Что я? Кто увёз? Я ушла сама. Сама бросила. Ну да, и он сам её бросил, сам отдал, оставил злодеям и пошлякам, не заступился и только смотрел вслед и плакал от неизбежности, потому что так должно было быть и он знал это…

Моя Катенька, кровиночка моя, рябиночка моя стройная, вишенка моя сладкая, что же я с тобой сделала?! Как я оставила тебя одну, свет мой, как ты плачешь там теперь, а ведь ты у меня крепкая и не любишь быть плаксой, амазоночка моя бесстрашная.

Что же я с тобой сделала, ведь не увижу тебя долго, своими руками отдала тебя — как Лара отдала свою кровную, любимую Таню… Да, ведь у Лары была ещё дочка Катенька, от мужа её нелюбимого, но какая нам, женщинам, разница, мы любим своих детей, потому что мы их родили…

Ах, да ведь это моего второго мужа, нелюбимого, звали Юрий Андреевич (Жданов. — Р.Г.), и был некрасив, но умён, по холодному умён, как машина, вроде этого механического комиссара Антинова, со схемой внутри вместо сердца… Как они похожи! И так же одинаково крутились на одном месте, как колёсики в механизме, все их революционные идеи и фразы…

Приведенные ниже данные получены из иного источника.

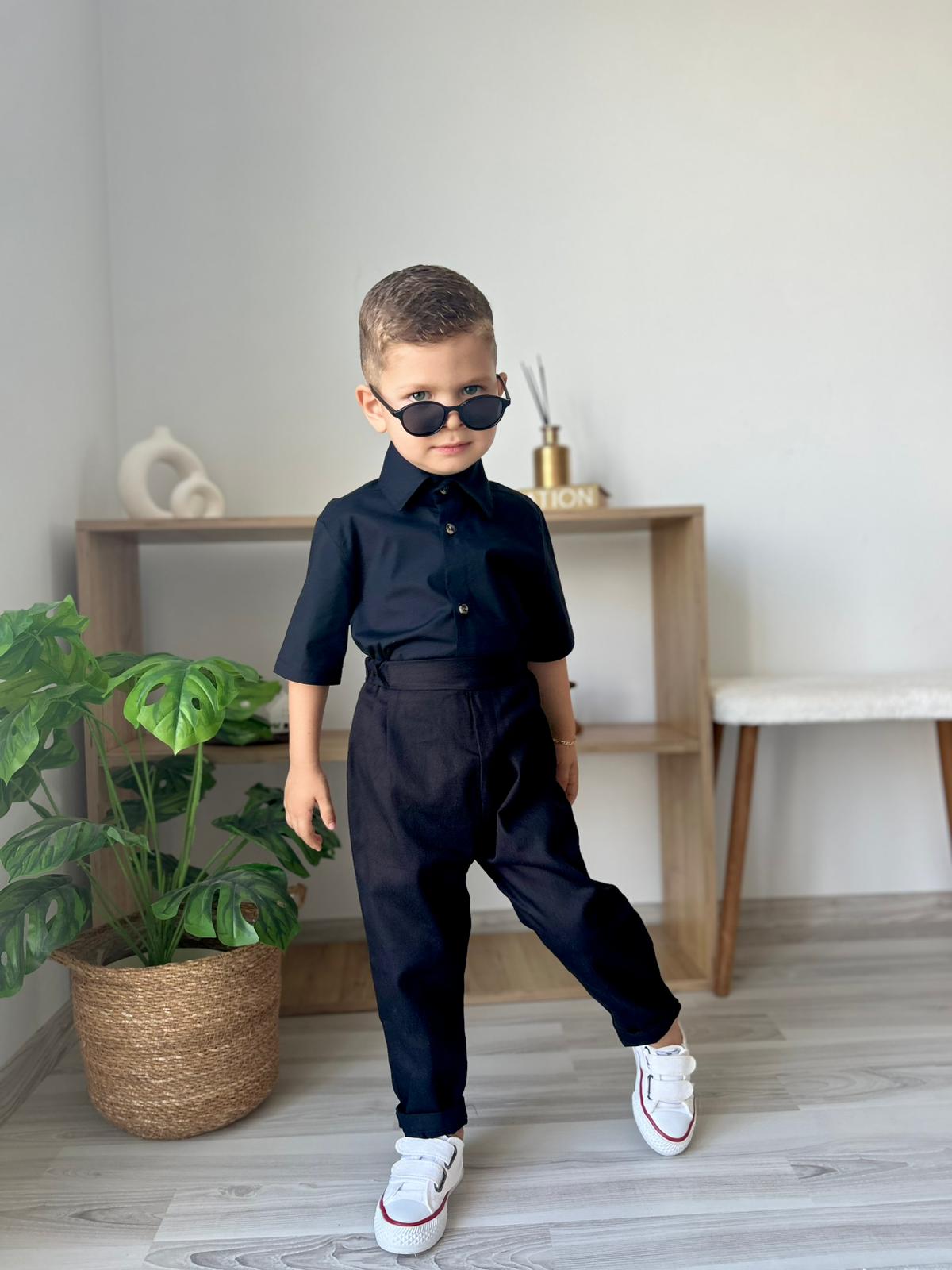 Favorimkids Bebek Çocuk SİYAH Kısa Kol  Pantalon  Gömlek Takım 1-5 yaş 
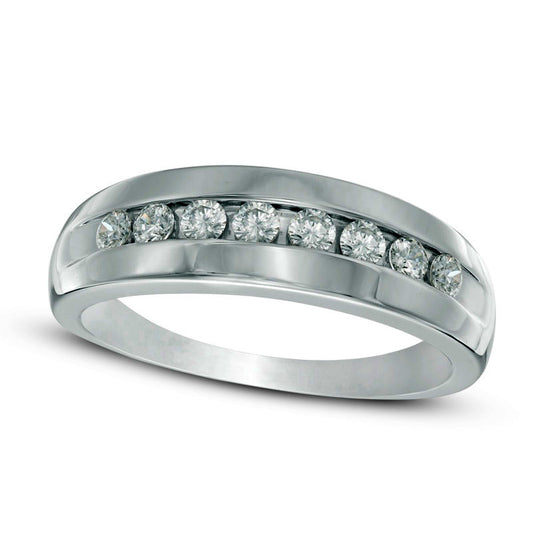 Men's 0.50 CT. T.W. Natural Diamond Wedding Band in Solid 10K White Gold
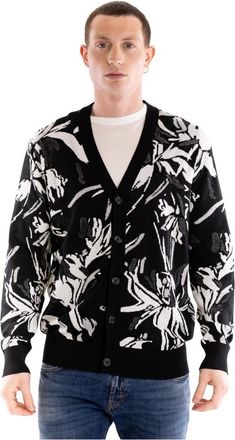 Paolo Pecora Truien & Vesten, Heren, Zwart, XL, Katoen, Cardigan met bloemenprint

Все лица мешаются, ничего не могу понять сквозь слёзы, почему одинаковые имена, неужели мало других русских имён?

Милый, милый Юрий Андреевич, тихий умный доктор, чьё имя — от Жизни, от всего живого, «живаго» — по-славянски… Милая, тихая умница, сколько таких в России! Эта чистота духа, и благородное сердце, и глубочайшее сознание своего долга, и работа, работа всю жизнь… Как наш великий Чехов, доктор и художник в одном лице, знающий и любивший Жизнь без украшений, как знают и любят её естествоиспытатели и астрономы…

Как страдал этот умный, трудолюбивый человек от пустопорожних слов, не соединённых с реальным положением вещей! Как изнемогал он от болтовни партизанского командира Ливерия, от его ночных философствований о «заре новой жизни», когда доктора ждали раненые, когда кругом кровь и смерть и все уже потеряли рассудок от крови и забыли, кто свои, кто чужие… Как понимал и как любил он точность и наполненность слова, идущего от сердца, от натуры, от правды, слова, исполненного мысли и чувства. Поэтому так сладостно входили в его душу заговоры и песни бабы-знахарки, в которых пели птицы, деревья и травы, и ему слышался голос Лары, и он видел себя маленьким на опушке леса. И ему, кроткому и тихому, хотелось убить Ливерия за бессмысленность его слов, мешавших людям спать и работать.